- **Data in this exercise**
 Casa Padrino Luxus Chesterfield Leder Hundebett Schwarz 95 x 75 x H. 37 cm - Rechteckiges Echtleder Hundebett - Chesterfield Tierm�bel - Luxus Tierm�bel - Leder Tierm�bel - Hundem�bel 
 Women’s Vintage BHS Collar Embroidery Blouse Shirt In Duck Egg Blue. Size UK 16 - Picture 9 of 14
...
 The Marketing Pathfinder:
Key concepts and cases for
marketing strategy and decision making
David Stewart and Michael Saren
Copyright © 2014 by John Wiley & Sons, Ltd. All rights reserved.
--
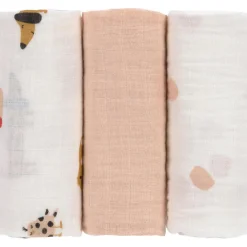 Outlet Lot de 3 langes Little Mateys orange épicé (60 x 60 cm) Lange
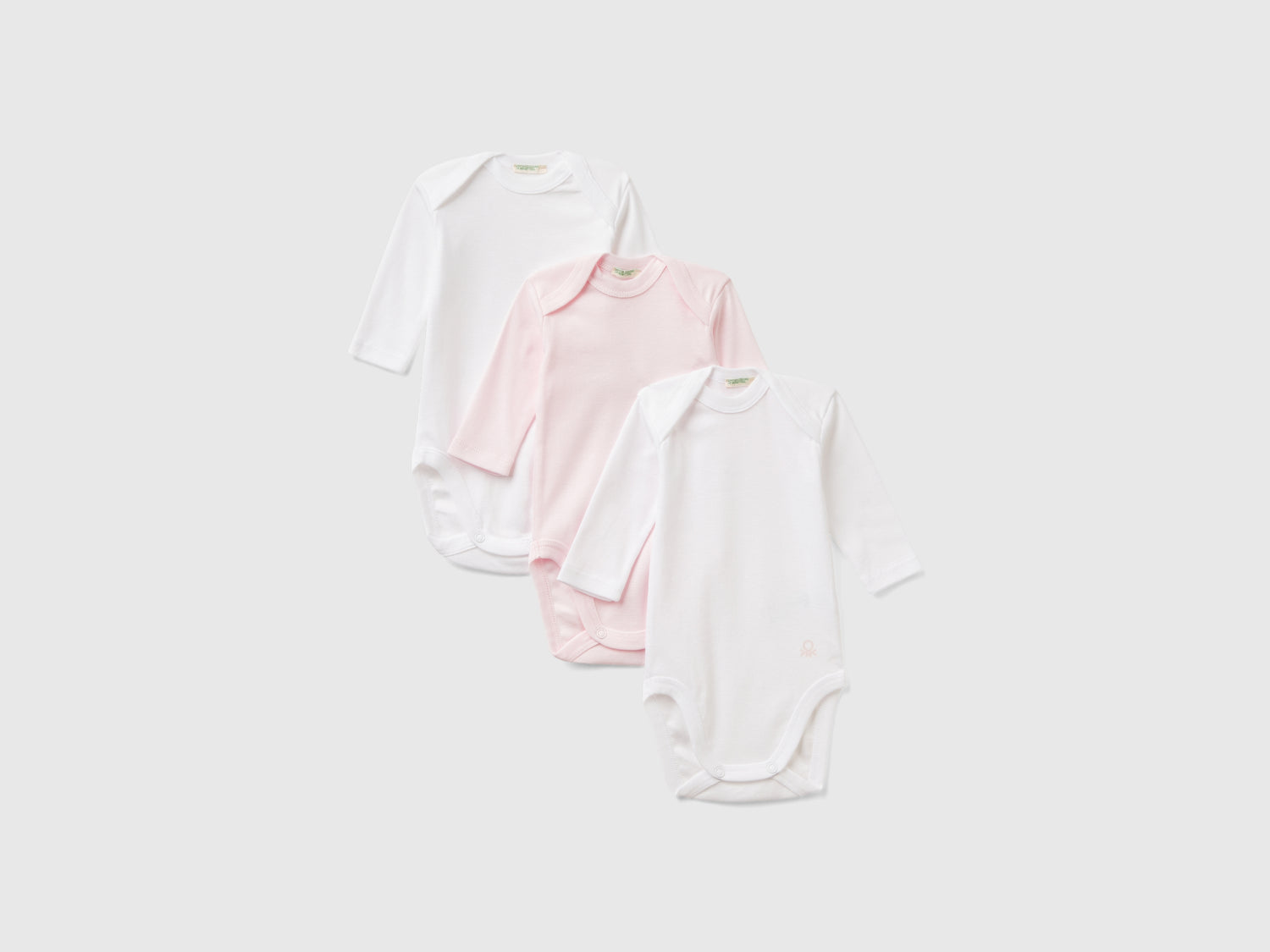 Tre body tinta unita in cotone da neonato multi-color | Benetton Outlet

- **Task to carry out**
The range runs from the line with "marketing strategy and decision making" up to and including the line with "Copyright © 2014" in the listing above; please write out exactly those lines and nothing more.

- **Response below**
marketing strategy and decision making
David Stewart and Michael Saren
Copyright © 2014 by John Wiley & Sons, Ltd. All rights reserved.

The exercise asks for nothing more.